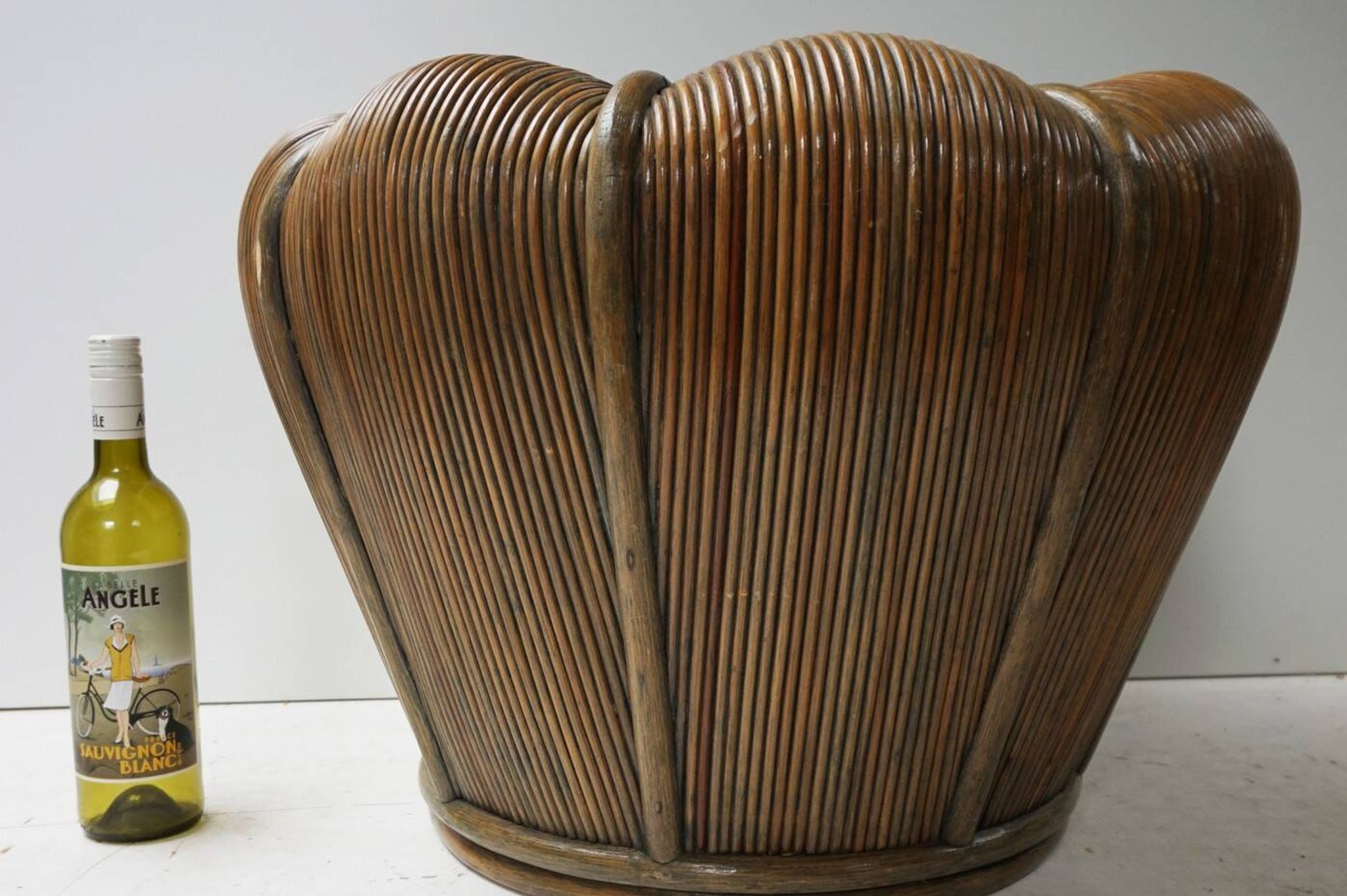 Large Mid-Century Modern Rattan Bamboo Cachepot Plant Holder, 1970s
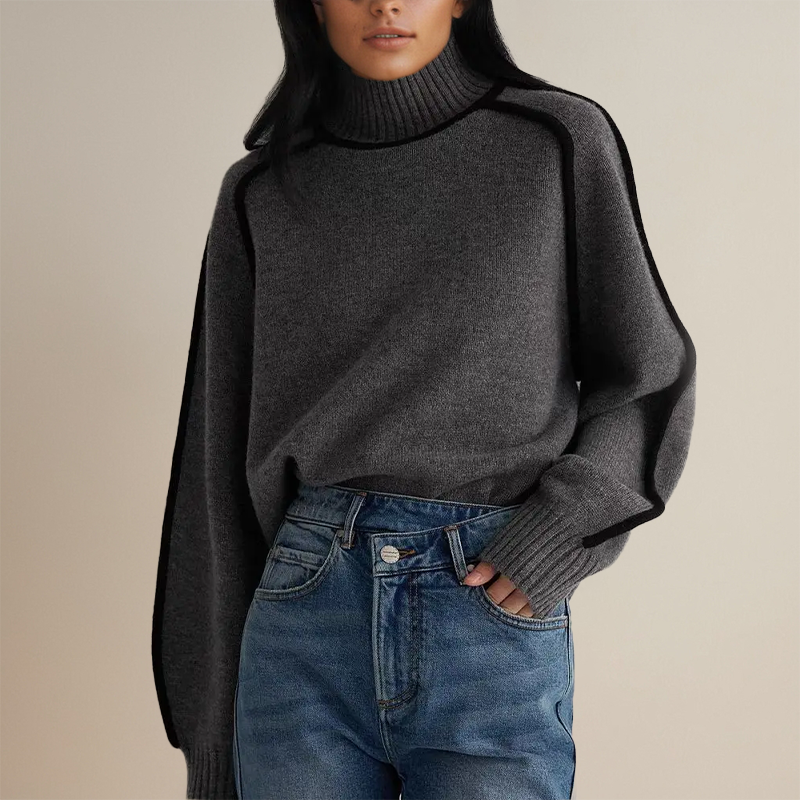 Women Sweater | Ribbed Turtleneck with Long Sleeves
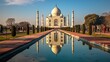 AGRA, INDIA - MARCH 5 2018: Tourists sighteseeing, exploring and admiring famous the Taj Mahal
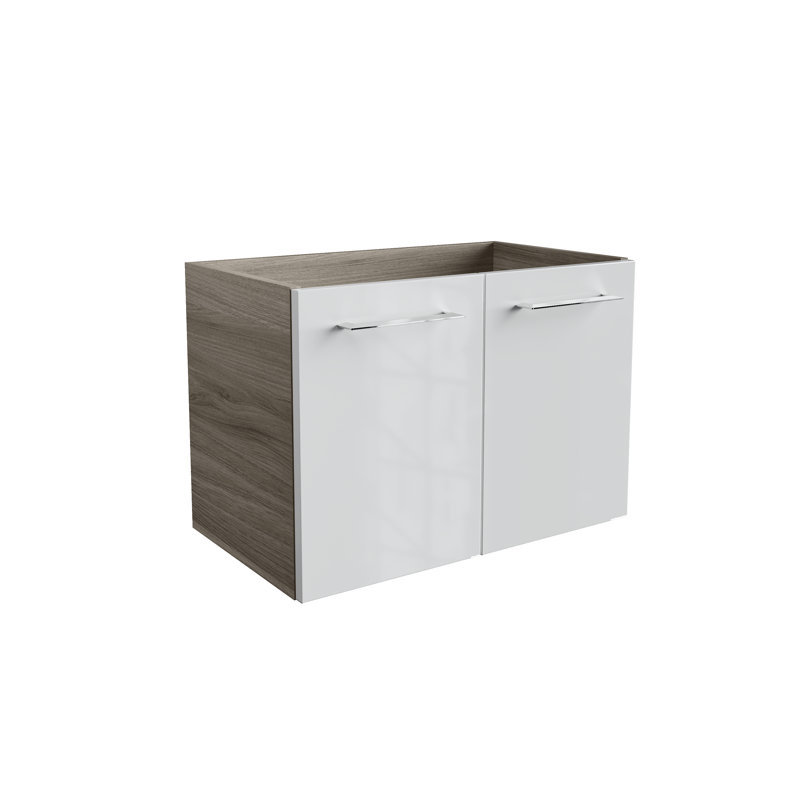 Lima 60cm Single Bathroom Vanity Base Only, Stone ash/White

- [The task] At the line containing "AGRA, INDIA - MARCH", start reproducing exactly, and stop after the last line of the listing; include both ends, and leave the pictures out.

- [Result]
 AGRA, INDIA - MARCH 5 2018: Tourists sighteseeing, exploring and admiring famous the Taj Mahal
 Lima 60cm Single Bathroom Vanity Base Only, Stone ash/White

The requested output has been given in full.